ASSIGNMENT
If a record holds a picture, leave the picture out and copy everything else exactly.

[DATASET RECORDS]

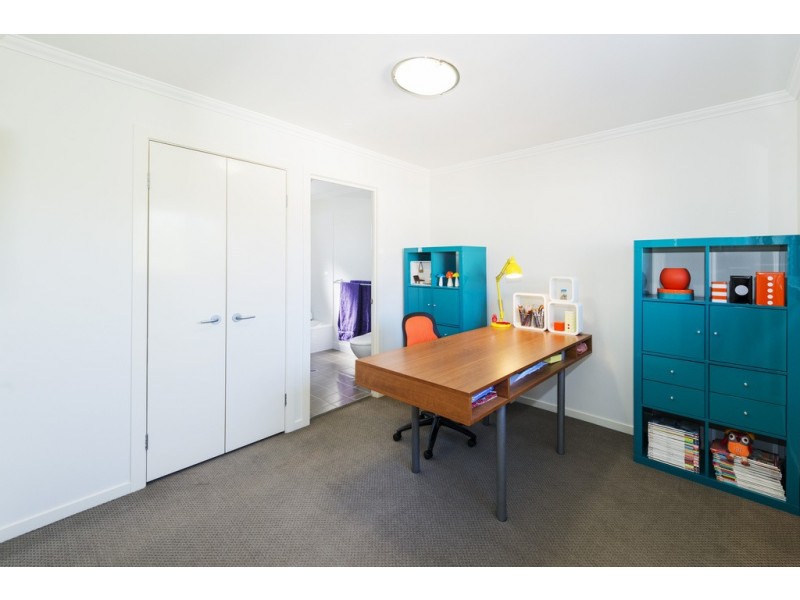 27 Birdwood Road, Holland Park West QLD 4121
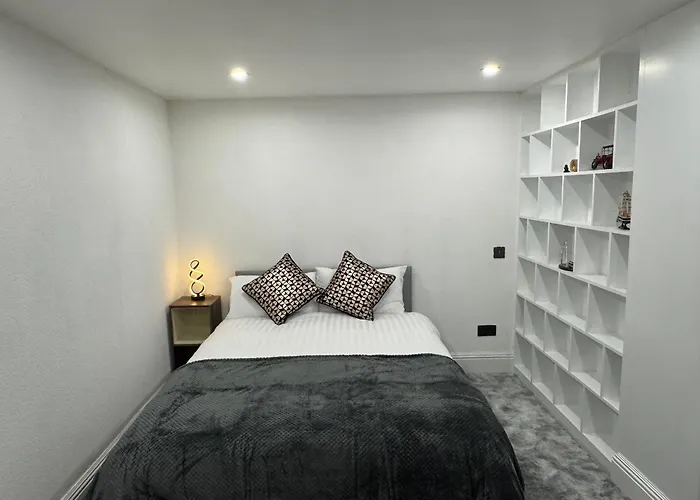 2 Bedroom Subterranean Luxury Flat In Euston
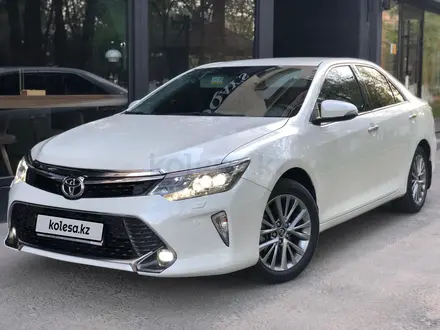 Toyota Camry 2017 года за 15 300 000 тг. в Шымкент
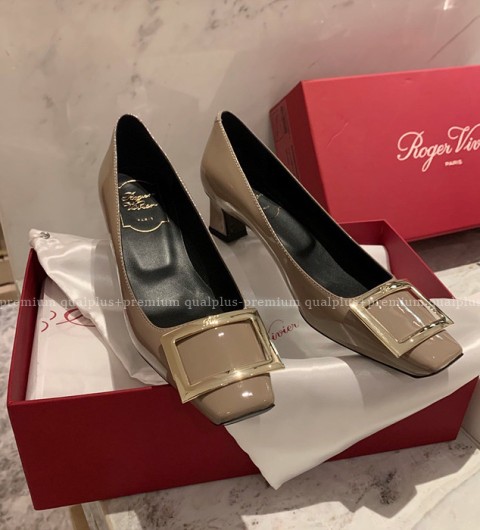 로저비비에 트럼펫 메탈 버클 펌프스 4.5cm 여성용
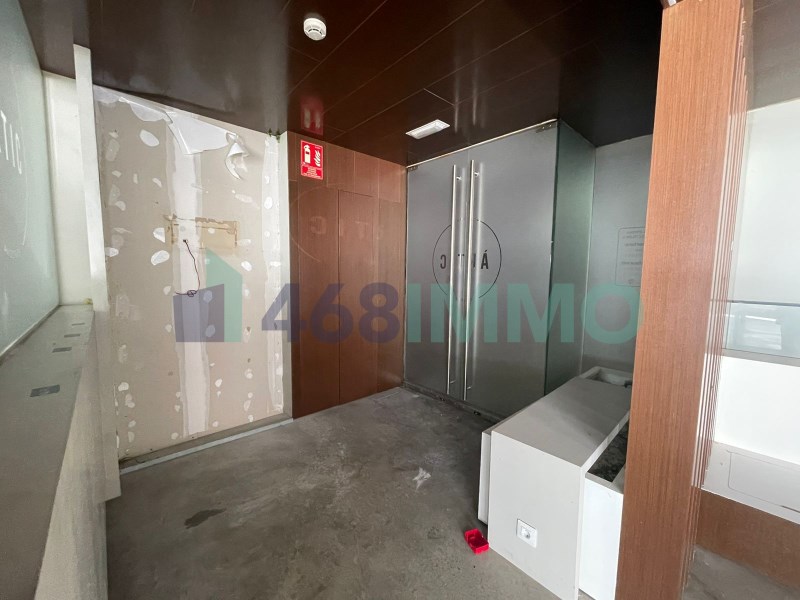 Local comercial de alquiler en Escaldes Engordany, 156 metros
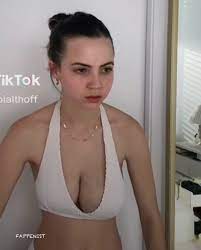 Bobbi Althoff Sexy Tits and Ass Photo Collection 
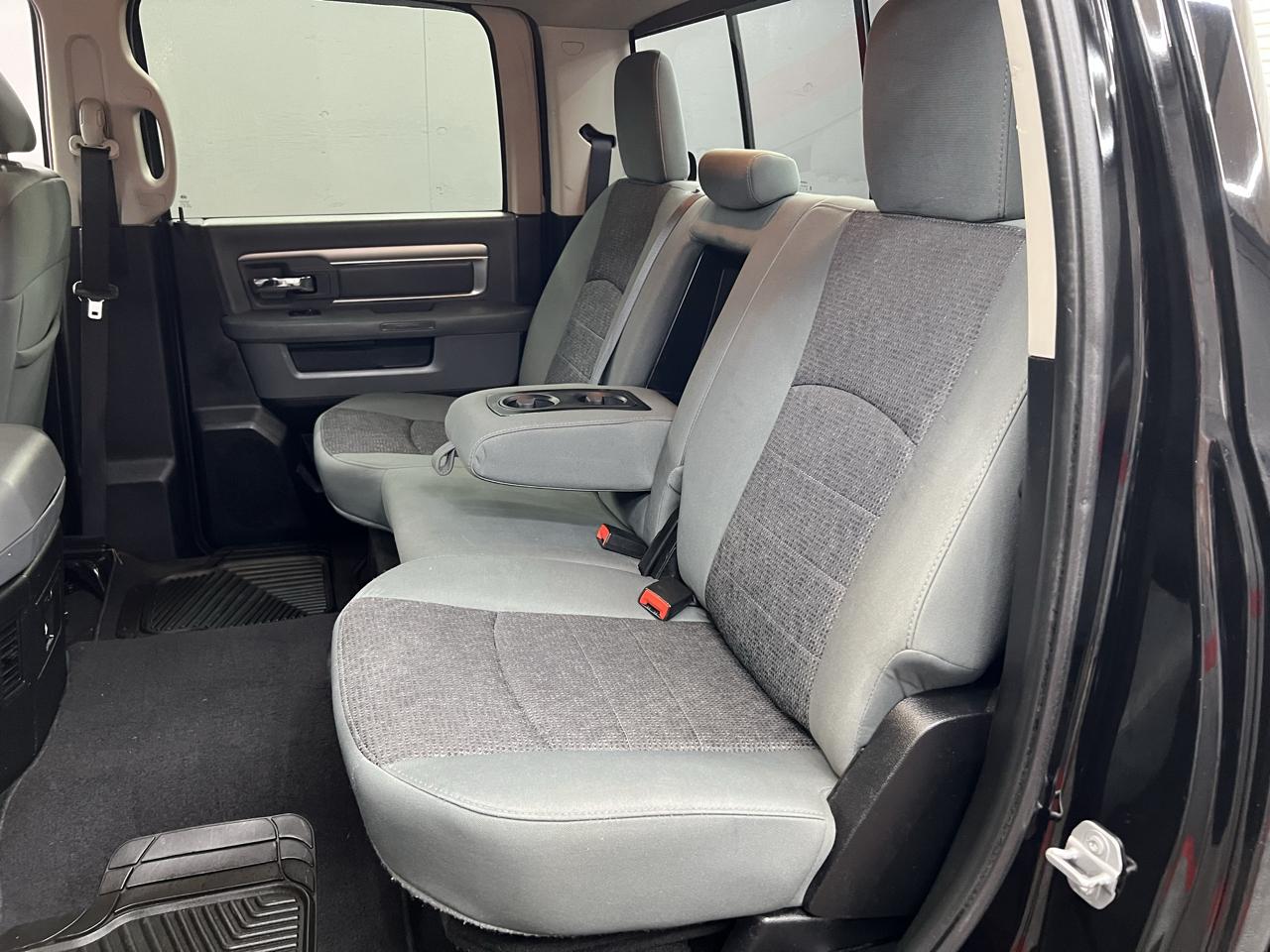 RAM 1500 4WD Quad Cab 140.5" Big Horn 2015
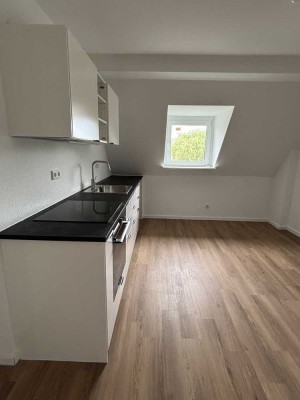 Kreuzviertel: Top-Sanierte 2-Zimmer-Wohnung mit Einbauküche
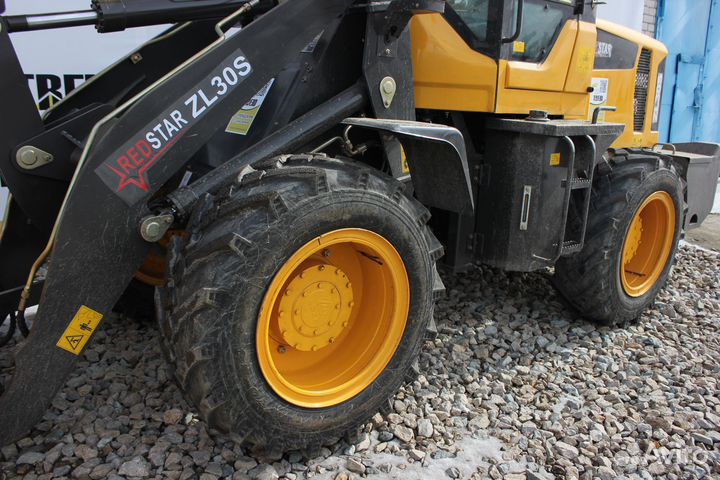 Фронтальный погрузчик Redstar ZL30s, 2023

[/DATASET RECORDS]

SOLUTION FOR THIS EXERCISE
 27 Birdwood Road, Holland Park West QLD 4121
 2 Bedroom Subterranean Luxury Flat In Euston
 Toyota Camry 2017 года за 15 300 000 тг. в Шымкент
 로저비비에 트럼펫 메탈 버클 펌프스 4.5cm 여성용
 Local comercial de alquiler en Escaldes Engordany, 156 metros
 Bobbi Althoff Sexy Tits and Ass Photo Collection 
 RAM 1500 4WD Quad Cab 140.5" Big Horn 2015
 Kreuzviertel: Top-Sanierte 2-Zimmer-Wohnung mit Einbauküche
 Фронтальный погрузчик Redstar ZL30s, 2023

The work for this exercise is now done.